GIVEN DATA
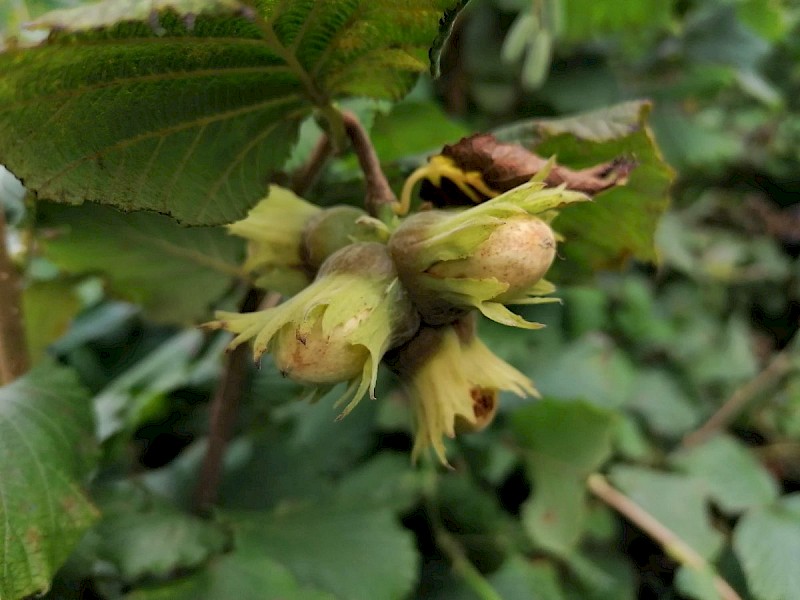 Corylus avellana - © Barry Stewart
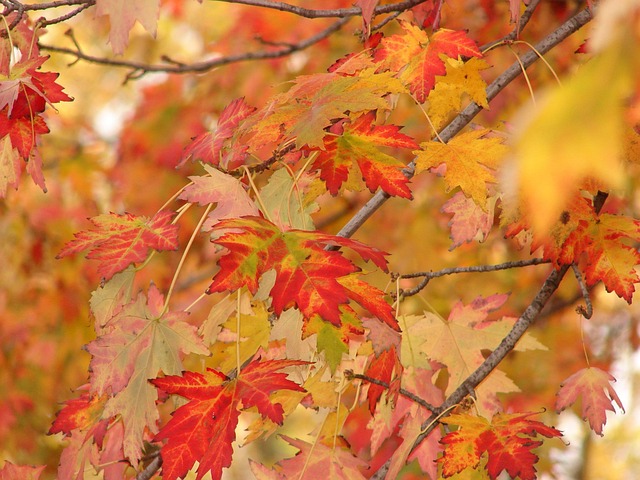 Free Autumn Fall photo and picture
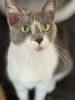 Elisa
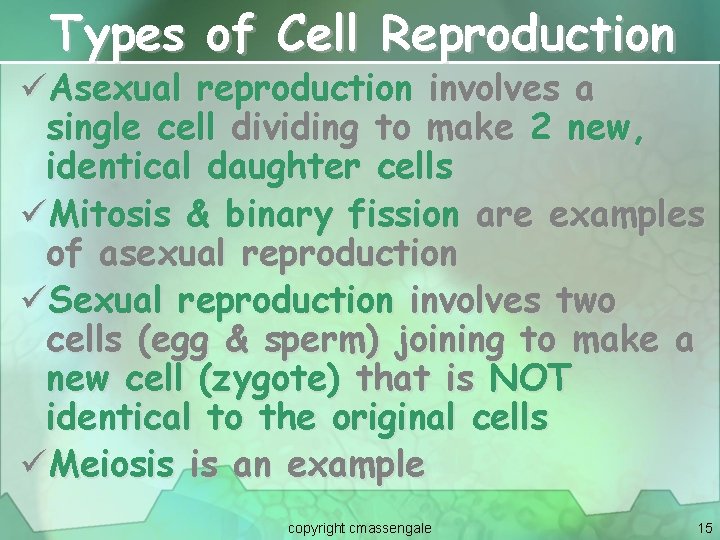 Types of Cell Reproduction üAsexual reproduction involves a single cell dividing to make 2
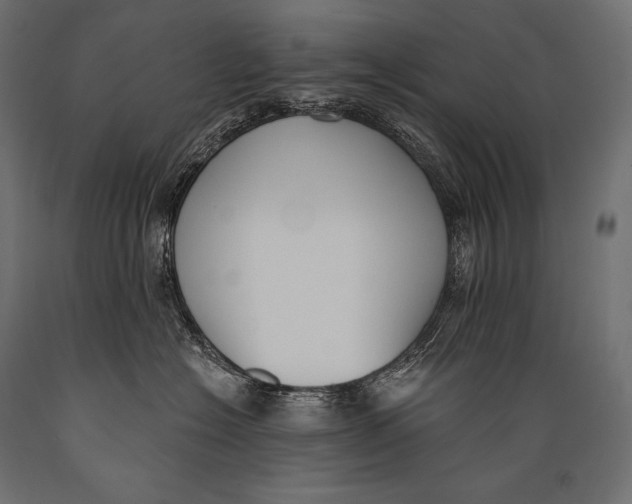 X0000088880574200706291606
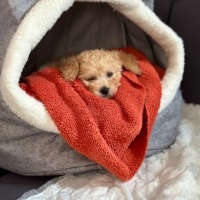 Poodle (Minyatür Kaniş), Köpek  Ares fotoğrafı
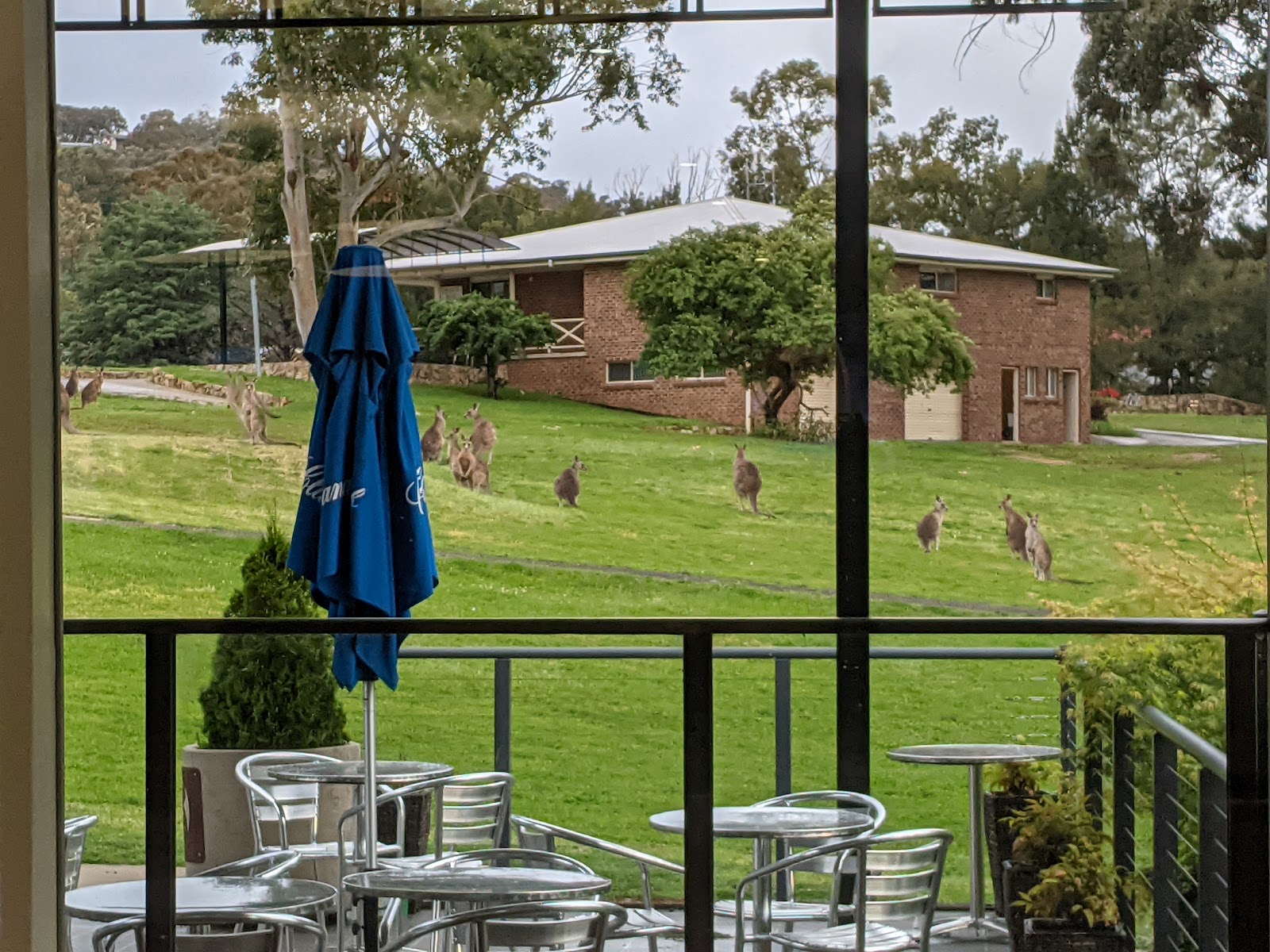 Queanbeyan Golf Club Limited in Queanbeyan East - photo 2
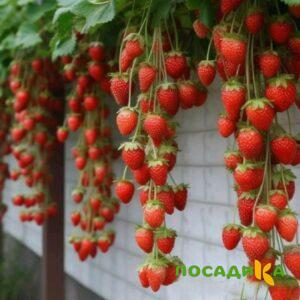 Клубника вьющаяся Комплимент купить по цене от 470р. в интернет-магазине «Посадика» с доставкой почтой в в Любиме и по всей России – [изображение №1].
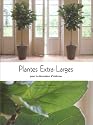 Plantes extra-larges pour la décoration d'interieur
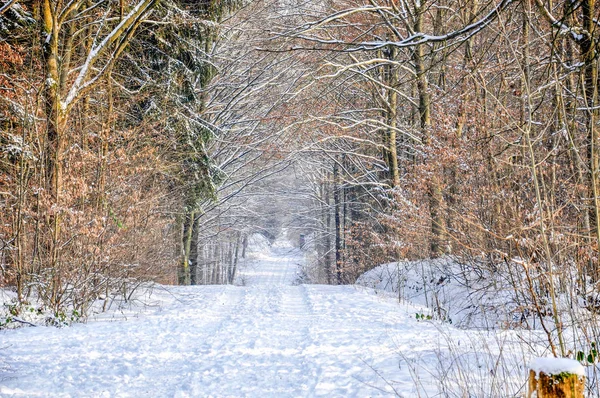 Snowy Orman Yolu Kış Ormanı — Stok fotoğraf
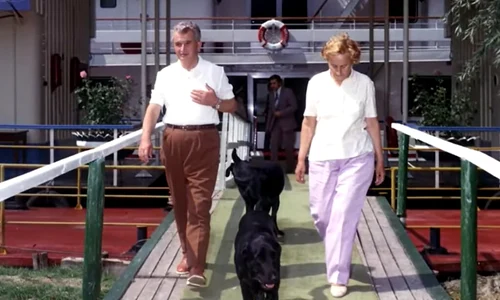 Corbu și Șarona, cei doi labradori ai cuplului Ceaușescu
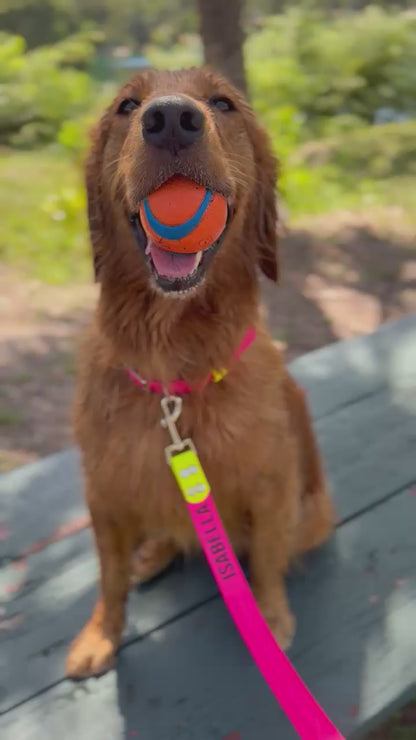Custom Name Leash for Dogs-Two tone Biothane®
* * *
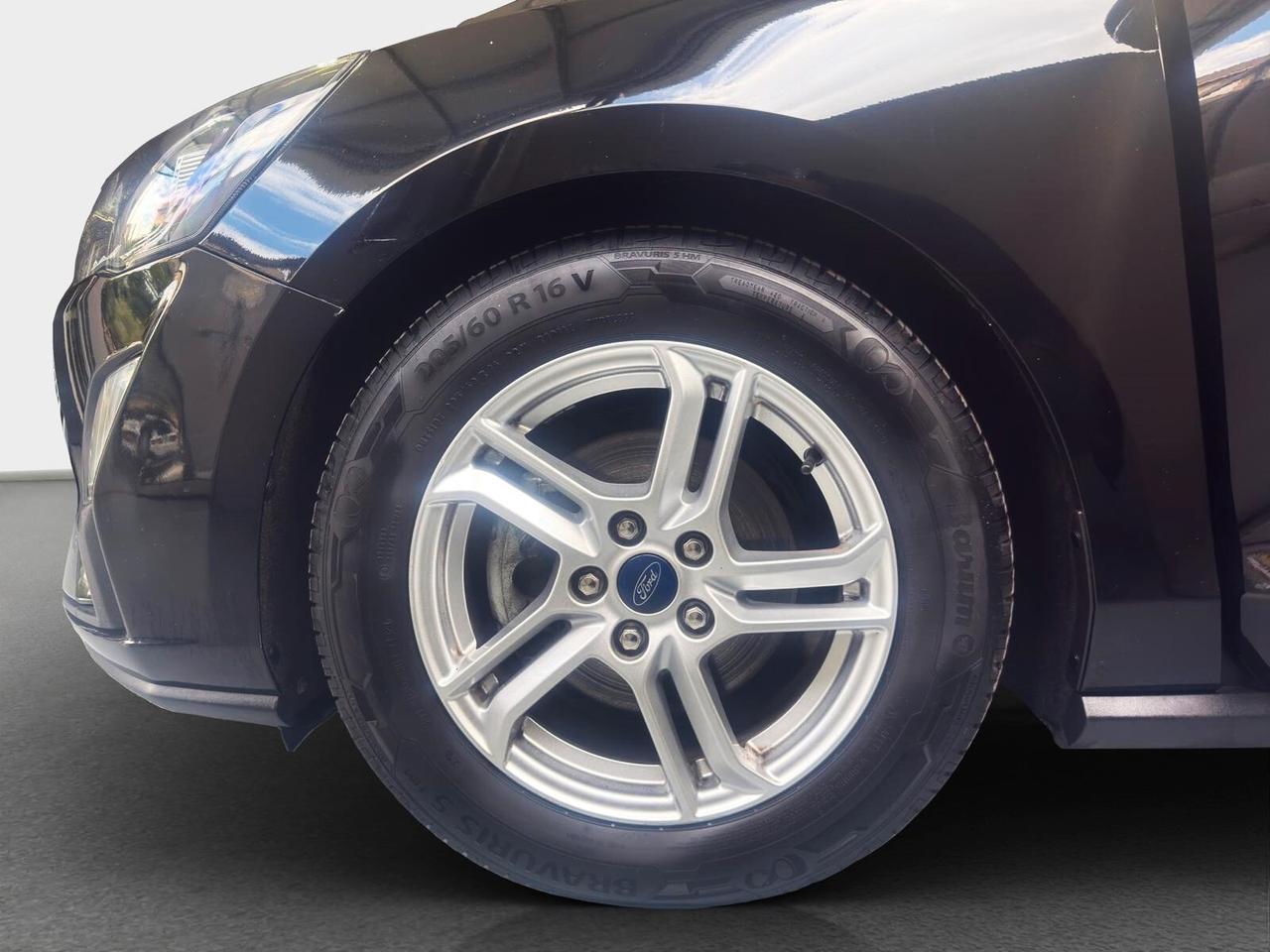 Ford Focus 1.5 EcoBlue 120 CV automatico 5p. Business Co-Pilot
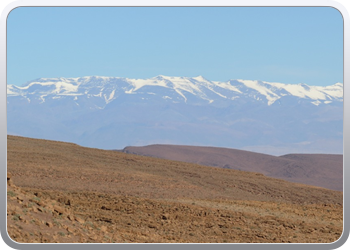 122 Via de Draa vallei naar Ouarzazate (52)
* * *
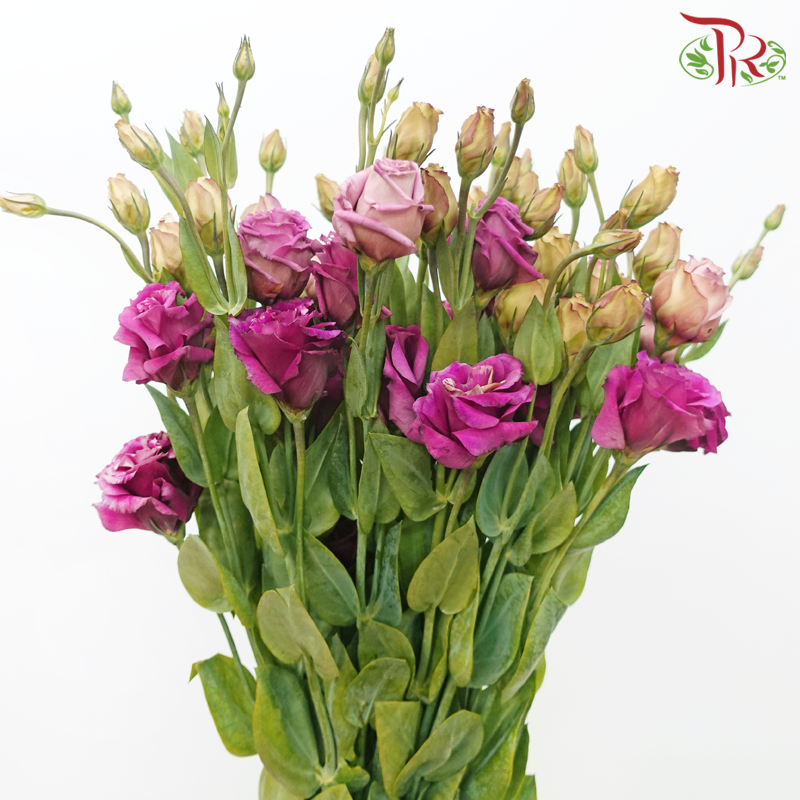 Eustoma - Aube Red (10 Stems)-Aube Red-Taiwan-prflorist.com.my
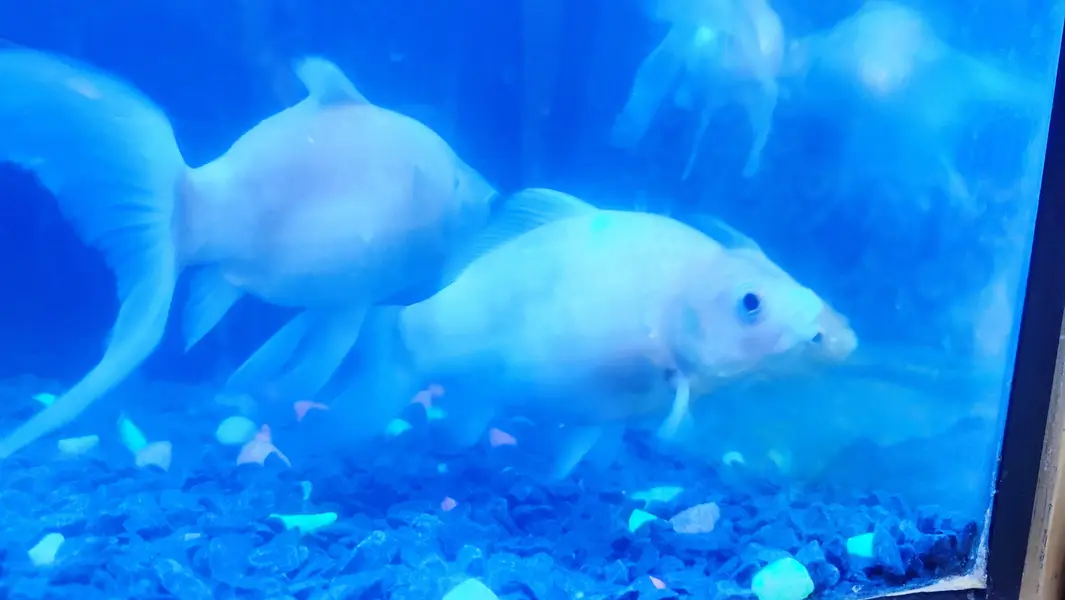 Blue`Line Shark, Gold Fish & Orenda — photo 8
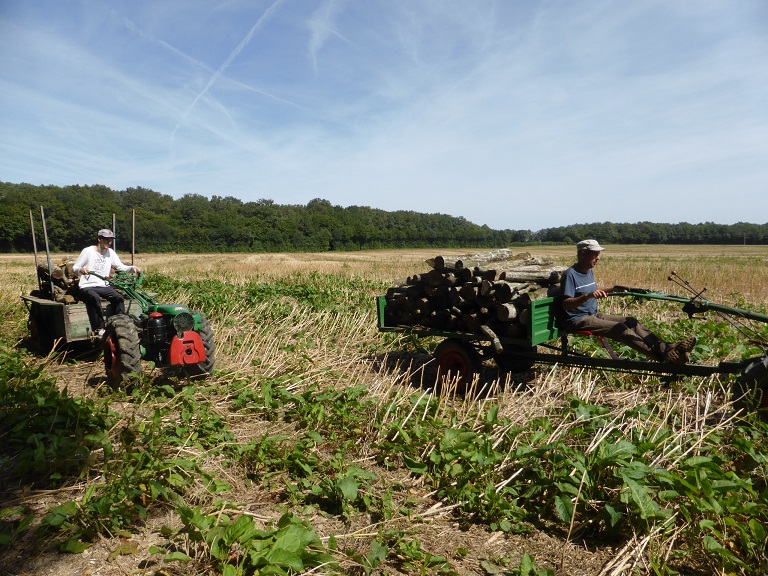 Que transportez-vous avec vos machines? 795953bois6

TASK ITEM
Excerpt from the records above: set down only the lines from the one that contains "Corylus avellana - © Barry Stewart" through the one that contains "Custom Name Leash for Dogs-Two tone Biothane®", inclusive, word for word. Pictures stay out.

ANSWER FOR THIS EXERCISE
 Corylus avellana - © Barry Stewart
 Free Autumn Fall photo and picture
 Elisa
 Types of Cell Reproduction üAsexual reproduction involves a single cell dividing to make 2
 X0000088880574200706291606
 Poodle (Minyatür Kaniş), Köpek  Ares fotoğrafı
 Queanbeyan Golf Club Limited in Queanbeyan East - photo 2
 Клубника вьющаяся Комплимент купить по цене от 470р. в интернет-магазине «Посадика» с доставкой почтой в в Любиме и по всей России – [изображение №1].
 Plantes extra-larges pour la décoration d'interieur
 Snowy Orman Yolu Kış Ormanı — Stok fotoğraf
 Corbu și Șarona, cei doi labradori ai cuplului Ceaușescu
Custom Name Leash for Dogs-Two tone Biothane®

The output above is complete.